The two videos in our winter suite are, on the surface, startlingly different—one is made in the tradition of personal documentary film, containing home footage and direct narration, while the other constructs its framework out of seemingly disjointed and often indefinite elements.

“Rendering” by Allain Daigle opens with a black screen and the sound of ripping paper. Text appears in quick succession, one word at a time, overlying nearly still, abstracted images. Often, the visuals begin to animate only in transition between sentences within the narrative, and the hyper-close focus on small details of objects creates eerie silhouettes. This causes us to focus less on the “what” of the object (often scraps of torn paper) and more on the sum of these objects’ shape. What’s so interesting about the juxtaposition of word and image is that the textual narrative is quite direct—we engage with dialogue, character, and all the hallmark elements of a scene—while the images create a non-linear mood-scape. Sound is perhaps the video’s most important element, providing a murky, sometimes uneasy, yet always beautiful backdrop that pushes the piece’s elements towards coherence. As the video progresses, the paper and books that are sourced as images seem to deconstruct—chunks of books are literally cut out and removed, leaving empty spaces.

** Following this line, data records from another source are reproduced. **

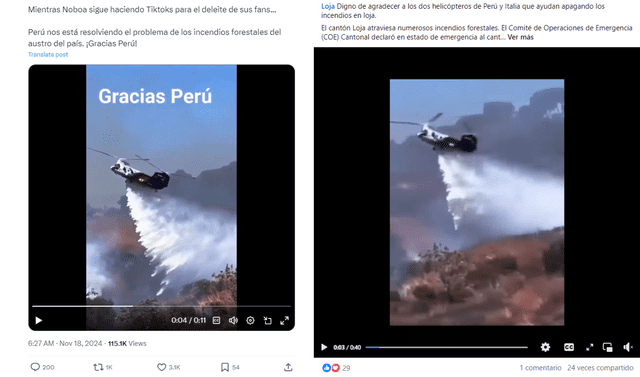 <em> Videos virales desinformativos sobre el falso helicóptero peruano. Foto: captura de X y Facebook.</em>   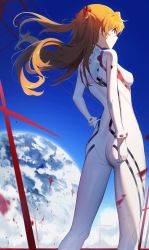 Rule 34 | 1girl, ass, blue sky, bodysuit, breasts, closed mouth, cloud, cloudy sky, commentary request, evangelion: 3.0+1.0 thrice upon a time, gloves, hair ornament, hand up, highres, interface headset, long hair, long sleeves, looking away, medium breasts, neon genesis evangelion, orange hair, plugsuit, rebuild of evangelion, simple background, skin tight, sky, solo, souryuu asuka langley, takom, white bodysuit
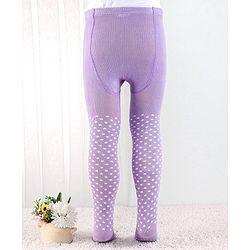 Cutewalk by Babyhug Anti Bacterial Footed Tights Polka Dots Design - Lavender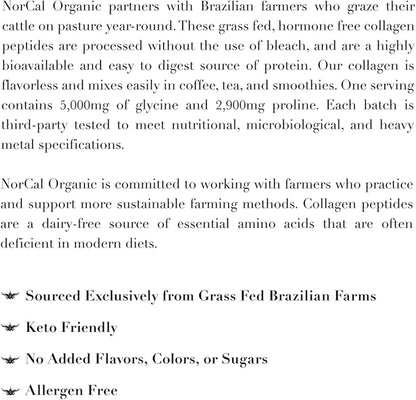 Norcal Hydrolyzed Collagen Peptides, 12oz | 20g Protein, 0g Carbs/Fat | Grass-Fed Brazilian Cows | for Easy Mixing & Bioavailability | US GMP Certified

If “Rendering” opens abstractly, “Of the Hearts” by Taney Kurth could not be more different. We’re greeted with disquieting footage of open-heart surgery, unrelentingly focused on the organ’s beating as skin is peeled away to reveal its purply, rasping cadence. Set atop the footage is an audio clip of a sermon, announcing to the viewer that when we purify our hearts, “we grow closer to God.” Soon, the narrative flips to the author, who addresses the reader in a voice that’s classically conversational and essayistic. He tells us about his daughter’s heart condition—a hole in the organ that over-oxygenates the blood—and soon we’re confronted by images of her, too, perhaps even more unrelenting than the surgery’s footage. The baby lies on the floor as a tube is carefully inserted into her nose by her parent. The baby struggles and cries, and the viewer feels an impulse to turn away—just as her parents must (but the camera doesn’t turn away, just as her parents cannot). The video becomes not only a narrative chronicle of a family and an illness, but also a meditation on faith.

The common thread between the two videos is their emphasis, even subtly, on absence—the paragraphs sliced away from a book’s pages, the hole in a child’s heart that interrupts its function. It’s from these empty craters that the narratives are born, and from which we can explore what we can build out of what we lack.